Fascinating information about the place of publishers in a digital age:
In recent weeks, academic publishers have been accused of everything from unfairly raising costs to presiding over a sector-wide monopoly of Genghis Khan proportions. But the greatest charge laid against us is that we are becoming, or have become, obsolete. One could argue that there might be a point here. We don’t write what we publish. Much production work is outsourced. Often it is not us who sell you what we produce. So what’s left?
Crucially, we nurture the professional editorial skills that select, craft, refine and organise the quality material that you want to read. We take authors to the market. We build the brands readers rely on to make choices in a world of information overload.
We are risk-takers, investors in the market potential of intellectual property, and creditors of last resort to the supply chain that delivers what you read. If a project fails, we take the loss. If it succeeds, authors earn royalties or enhance their reputations, retailers sell books, platform providers expand, we all pay taxes – society benefits.
We evolve scalable, sustainable enterprises that enable intellectual freedom and the flow of culture and scholarship. Beyond a copyright framework to protect our investments, we strive for the widest distribution and access to our publishing that we can achieve.
We work constantly to maintain standards. We represent the vehicle for integrity and objectivity so vital to scholarship. We produce learning material fitted to syllabus and assessment, which is vital for academic success. We provide information sources for the professions.

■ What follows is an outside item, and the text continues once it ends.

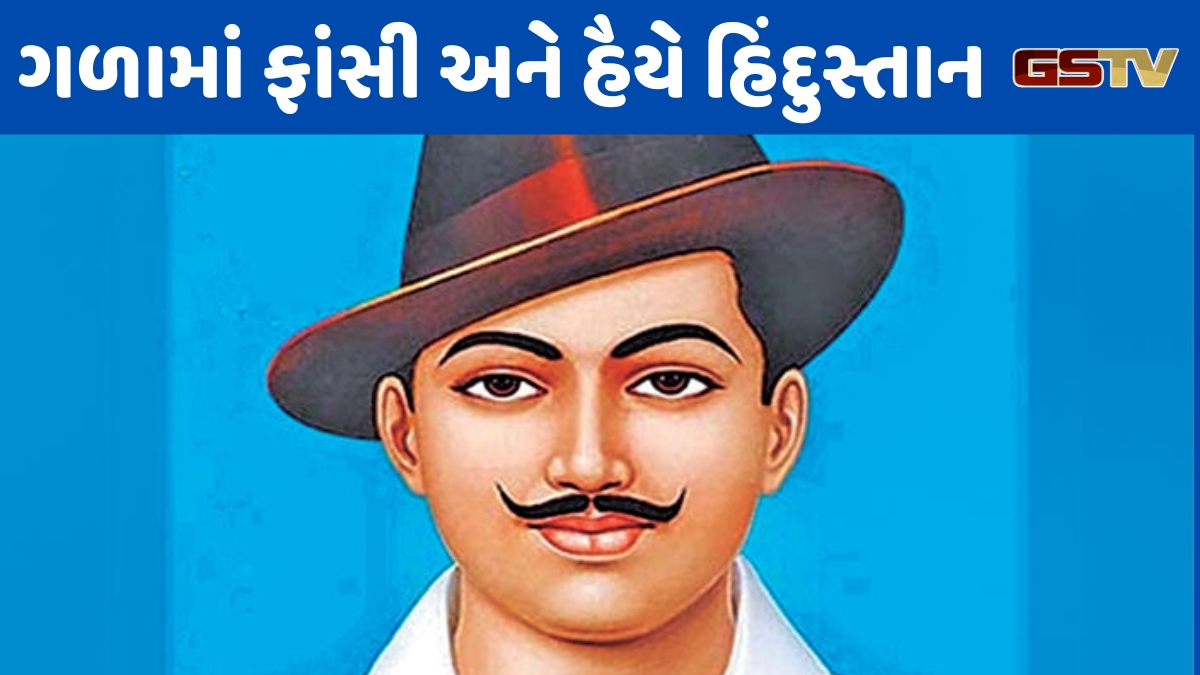 Shatdal : વીરા! એ તો ફાંસી રે નહિ, ફૂલમાળ : પે'રીને પળ્યો પોંખણે હો...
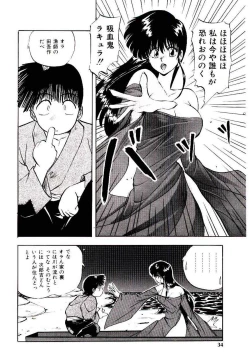 Page 33 of Peach Coat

Some academic publishers are globally successful, and those in the UK collectively export more books than any country on earth. Some would argue that we need that experience in international markets to fuel growth.

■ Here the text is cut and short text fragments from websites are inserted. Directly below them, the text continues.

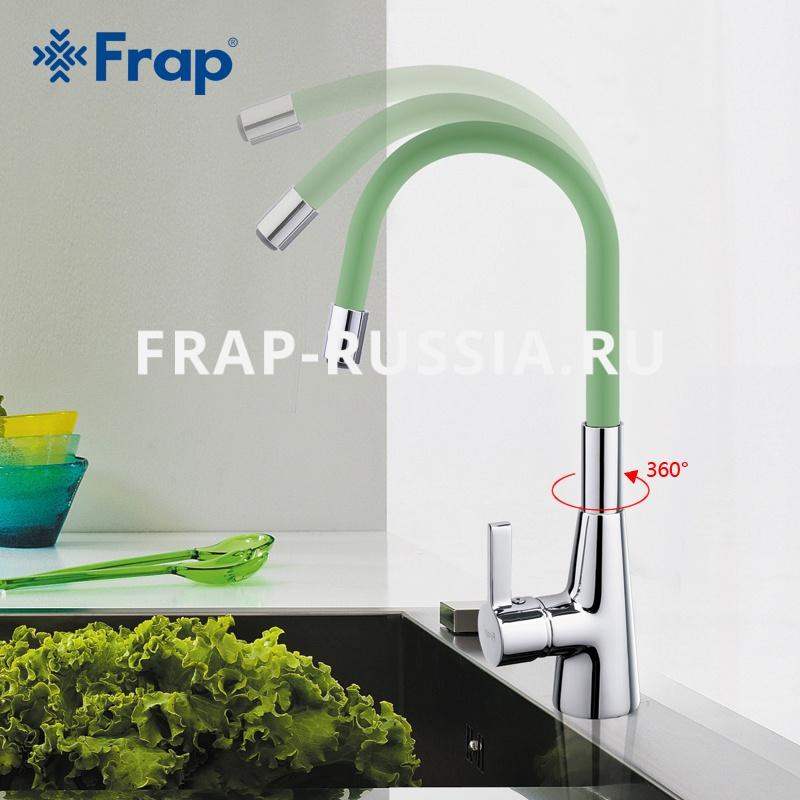 VÒI RỬA BÁT CẦN MỀM NHẬP KHẨU NGA FRAP F4153 - HÀNG CHÍNH HÃNG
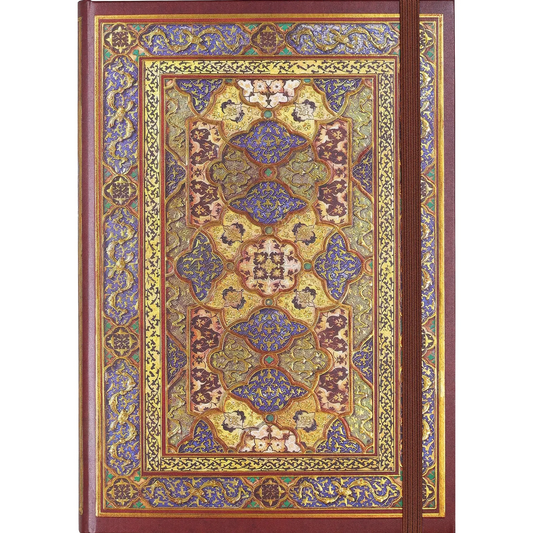 Safavid Splendor Journal | Book bound-style binding Notebook | 160 Pages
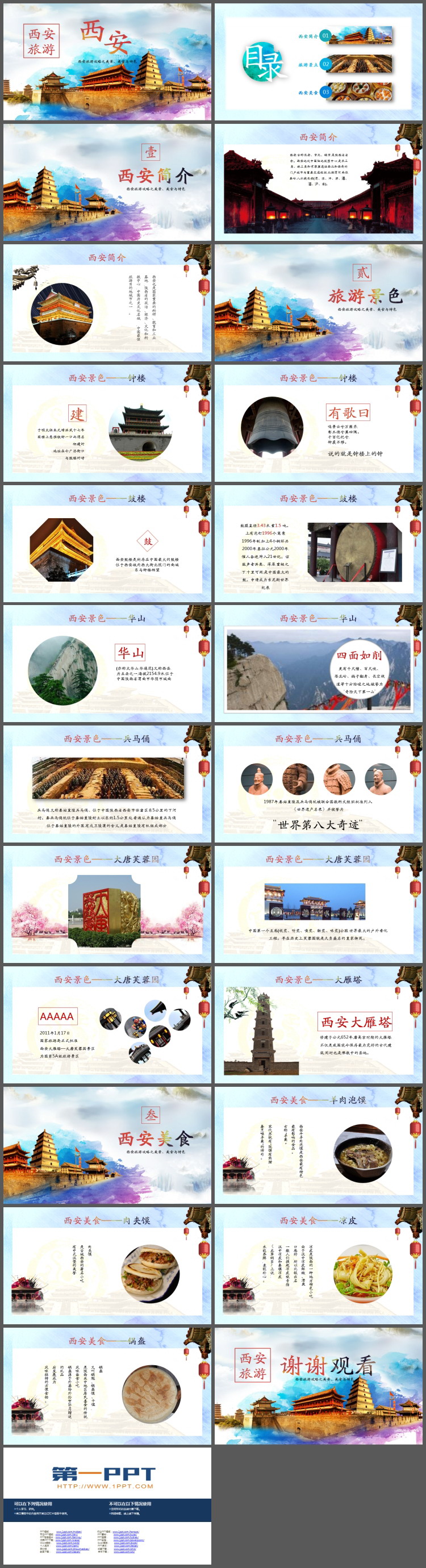 水彩中国风西安旅游介绍PPT模板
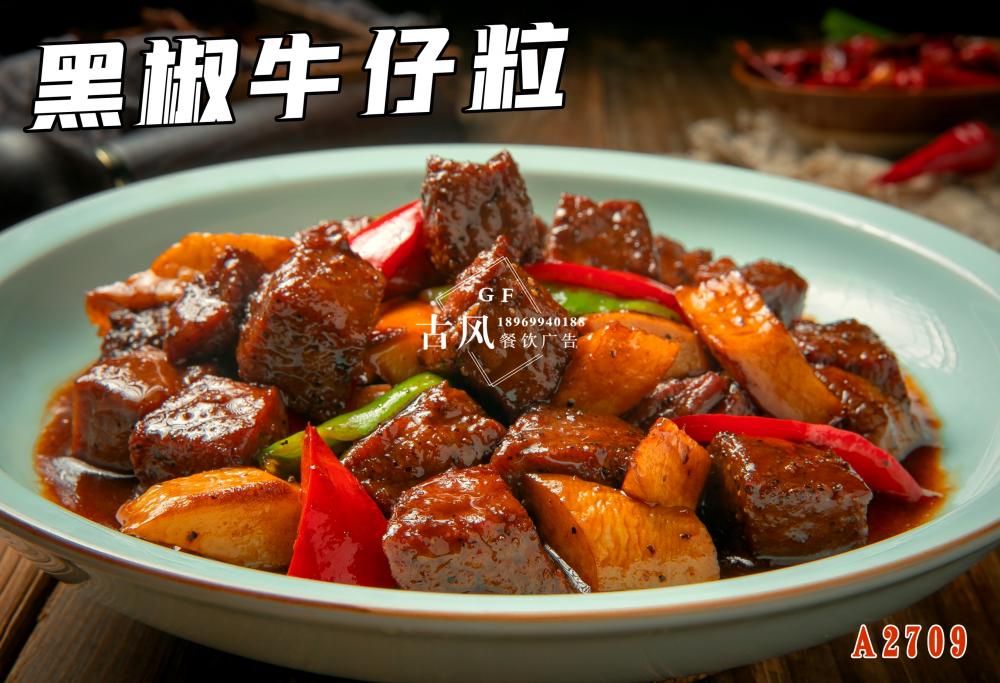 A2709黑(hēi)椒牛仔粒 牛肉粒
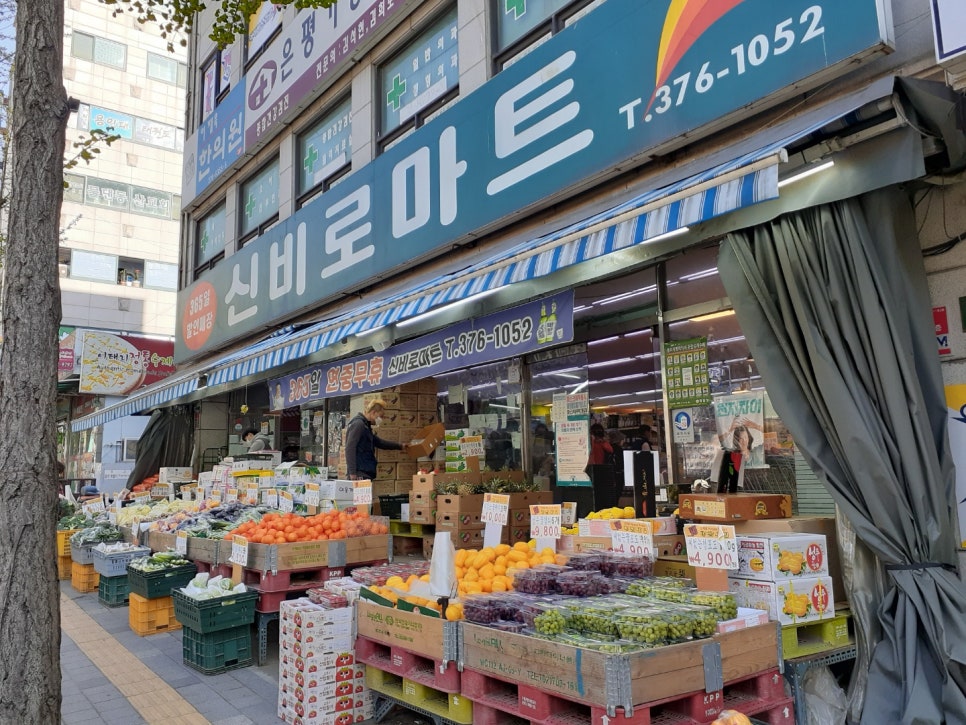 신비로마트 이미지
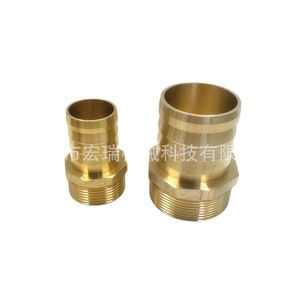 Hongrui All Copper External Thread Pagoda Connector 1 Inch 1.2 Inch 1.5 Inch DN32 40 50 Male Thread Water <b>Pump</b> Hose Adapter - Product Image 2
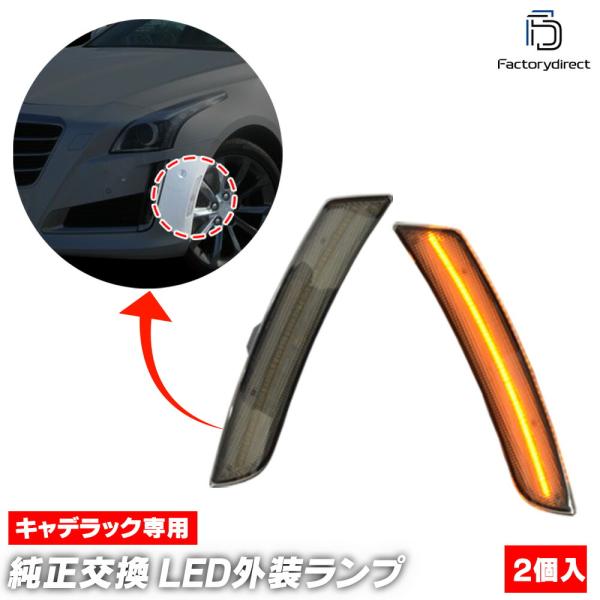 【互換品】ll-cd-smb-sm01 (ON-OFF点灯 スモークレンズ) Cadillac キャ...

But hasn’t the internet left us wrong-footed? Certainly not. We have been using digital delivery for years – 95 per cent of academic journals are available electronically, and the UK is more advanced in using digital learning resources than any other country. Publishers are enablers of all that.
Of course, the paradigm is shifting. Searchable archives on the internet will make us redundant, so the argument goes. But without selection, investment in editorial skills, quality filters, marketing, supply-chain management and customer service, our absence would soon be felt and we’d most likely be reinvented.